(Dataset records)

--- START ---

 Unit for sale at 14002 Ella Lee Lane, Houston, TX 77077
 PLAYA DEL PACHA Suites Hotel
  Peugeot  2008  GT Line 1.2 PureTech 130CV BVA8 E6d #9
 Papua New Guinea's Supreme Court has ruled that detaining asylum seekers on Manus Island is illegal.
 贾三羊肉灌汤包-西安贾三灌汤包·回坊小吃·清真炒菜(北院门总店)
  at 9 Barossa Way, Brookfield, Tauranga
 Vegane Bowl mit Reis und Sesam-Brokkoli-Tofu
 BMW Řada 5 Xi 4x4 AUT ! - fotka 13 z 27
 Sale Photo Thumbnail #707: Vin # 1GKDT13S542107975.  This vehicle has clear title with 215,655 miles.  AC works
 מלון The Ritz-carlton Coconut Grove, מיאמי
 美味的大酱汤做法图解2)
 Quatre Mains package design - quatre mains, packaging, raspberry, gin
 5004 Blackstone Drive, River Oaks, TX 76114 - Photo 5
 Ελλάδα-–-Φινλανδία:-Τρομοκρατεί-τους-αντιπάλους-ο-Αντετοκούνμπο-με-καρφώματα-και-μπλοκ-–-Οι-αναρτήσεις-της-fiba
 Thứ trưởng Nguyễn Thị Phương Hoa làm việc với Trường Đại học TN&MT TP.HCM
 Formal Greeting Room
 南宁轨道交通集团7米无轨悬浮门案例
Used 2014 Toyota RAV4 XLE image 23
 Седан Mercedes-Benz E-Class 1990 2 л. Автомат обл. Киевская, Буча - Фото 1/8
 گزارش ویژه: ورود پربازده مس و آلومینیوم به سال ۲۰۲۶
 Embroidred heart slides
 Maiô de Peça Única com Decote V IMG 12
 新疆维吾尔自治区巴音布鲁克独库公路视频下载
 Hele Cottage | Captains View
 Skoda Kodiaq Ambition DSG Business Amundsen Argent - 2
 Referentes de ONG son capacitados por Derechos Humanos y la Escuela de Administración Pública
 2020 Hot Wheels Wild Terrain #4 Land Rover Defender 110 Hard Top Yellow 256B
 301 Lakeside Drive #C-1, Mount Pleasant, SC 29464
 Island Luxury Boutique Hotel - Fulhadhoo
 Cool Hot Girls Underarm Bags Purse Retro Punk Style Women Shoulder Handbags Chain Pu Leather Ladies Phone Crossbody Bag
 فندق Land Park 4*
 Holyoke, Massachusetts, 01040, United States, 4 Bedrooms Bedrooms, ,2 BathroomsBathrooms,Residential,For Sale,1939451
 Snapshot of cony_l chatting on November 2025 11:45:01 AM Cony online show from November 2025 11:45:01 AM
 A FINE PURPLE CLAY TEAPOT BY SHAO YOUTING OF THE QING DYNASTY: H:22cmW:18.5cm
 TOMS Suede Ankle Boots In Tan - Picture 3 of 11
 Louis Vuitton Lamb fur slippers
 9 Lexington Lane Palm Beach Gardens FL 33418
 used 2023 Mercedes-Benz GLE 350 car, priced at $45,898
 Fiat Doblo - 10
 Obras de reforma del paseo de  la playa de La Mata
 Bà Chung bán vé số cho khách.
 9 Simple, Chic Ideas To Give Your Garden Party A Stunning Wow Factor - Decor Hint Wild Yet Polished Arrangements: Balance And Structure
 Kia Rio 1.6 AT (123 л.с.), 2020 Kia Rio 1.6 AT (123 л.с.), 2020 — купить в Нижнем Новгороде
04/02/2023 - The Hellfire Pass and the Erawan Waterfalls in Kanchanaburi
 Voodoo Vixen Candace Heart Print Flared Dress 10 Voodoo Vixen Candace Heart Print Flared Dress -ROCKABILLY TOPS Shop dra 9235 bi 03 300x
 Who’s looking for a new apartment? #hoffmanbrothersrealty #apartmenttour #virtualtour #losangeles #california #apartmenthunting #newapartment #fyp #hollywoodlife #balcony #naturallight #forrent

--- END ---

- Problem details
Copy every line from the records above that contains the string "Mercedes".

- Answer for the task
 Седан Mercedes-Benz E-Class 1990 2 л. Автомат обл. Киевская, Буча - Фото 1/8
 used 2023 Mercedes-Benz GLE 350 car, priced at $45,898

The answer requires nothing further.